We all go to the bathroom to pee several times a day like clockwork, but then one day you go and it totally burns. It’s likely a urinary tract infection, which according to the U.S. Department of Health & Human Services, affects women up to 30x more than men because they have shorter urethras (which means bacteria has easier access to your bladder). We won’t just leave you to endlessly search the internet to learn how to move forward. In the spirit of National Bladder Health Awareness Month, we sat down with Aleece Fosnight, a medical advisor for Aeroflow Urology who specializes in sexual medicine, women’s health, and urology to help us figure out how to treat and prevent them for the future.

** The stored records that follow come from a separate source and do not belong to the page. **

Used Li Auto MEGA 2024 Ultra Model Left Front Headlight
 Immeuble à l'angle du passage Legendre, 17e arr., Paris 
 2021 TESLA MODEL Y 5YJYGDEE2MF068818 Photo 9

What’s a urinary tract infection (UTI)?
“A urinary tract infection is going to be when there is bacteria that’s not normally found in the urinary tract. So, those common ones are going to be Escherichia coli (E. coli), klebsiella, proteus, and enterococcus. Those are the big four types of bacteria that we see sneak into your bladder and throw off your normal levels of ‘good’ bacteria to cause urinary tract infections. You can have a urinary tract infection in just the urethra, but it typically goes together with the urethra and bladder as one unit, when you have a urinary tract infection. Bacteria can also infect your kidneys, but we typically associate UTIs with the bladder and lower half urethra,” she says.
What are the symptoms?
For a typically healthy individual, “some of the first ones are urgency and frequency to go into the restroom. You’ll likely feel lower abdominal pressure and heaviness, as well as irritation to the urethra. It could be a burning, stingy, or an irritated feeling as you’re urinating,” she says. Other common indications are if your urine smells foul or if it looks cloudy. “You can have a fever, belly pain, and a headache, but those are going to be some of those outlier symptoms. Fever typically doesn’t happen unless you have a kidney infection,” she says.
What’s the bladder’s function and role?
“You can think of the bladder as a reservoir and it’s a reservoir that holds urine, which are waste products, that your kidney has filtered out of your body. The bladder capacity on average is going to be anywhere between 350 and 450 milliliters, so it actually holds quite a bit. We typically don’t have full bladder capacity until the age of six. Once you have full bladder capacity, you get the awareness of that connection between your bladder filling. It sends signals to your brain — in a special center called the micturition center of your brain — that your bladder starts to fill up and hit a threshold, whether that’s 300 ml or 50 ml,” says Fosnight.
Who’s at more risk of developing a UTI?
“Just because you’re sexually active, doesn’t mean you’ll necessarily get more UTIs, but it’s definitely one way that bacteria tends to get into the urethra. Other ways you can be more prone to them is if you disrupt the flora of your vagina by using soap and body wash. Also, UTIs can happen to those who don’t empty their bladder completely or if you tend to hold in your pee,” she says. Sometimes UTIs can be a product of your lifestyle choices: “Swimmers who don’t dry off the genital area quickly enough and stay in their swimsuit for long periods of time can introduce bacteria. Hot tub usage where bacteria can thrive can definitely cause UTIs as well,” she says.
How do you treat it — and what happens if you don’t?
Luckily, UTIs are pretty straightforward to treat, but first requires a doctor’s official diagnosis through a urine sample. The typical course of action is a round of antibiotics, which is dependent on the type of bacteria found. “If the infection becomes more kidney-focused or systemic infection, then we have to do either an intramuscular type of injection of antibiotics or through an IV. So if you don’t get it treated or you’re just kind of putting off, that can lead to complications if you get a blood infection that causes much more harm to your body than just the local to your bladder. It can also cause scarring to your kidneys and make it more difficult for your kidneys to function,” she says.
While UTIs are common, how many of them is too many?
Although UTIs are a common occurrence, it shouldn’t be happening too often. The general rule of thumb is “three urinary tract infections in a year,” she says.
How do you prevent UTIs?
Some UTIs are bound to happen, but there are ways to avoid them. The key is “hydration, hydration, hydration and making sure that you have good hygiene. If you have a bowel movement, wipe from front to back and not mix the fecal matter with your urethra. Going to the bathroom after any kind of intercourse or sexual activity is going to be important as well, especially for women. You can drink cranberry juice to help to prevent UTIs,” she says. Though the research isn’t concrete, there is an active ingredient in cranberries that helps prevent bacteria like E. coli from sticking to your bladder.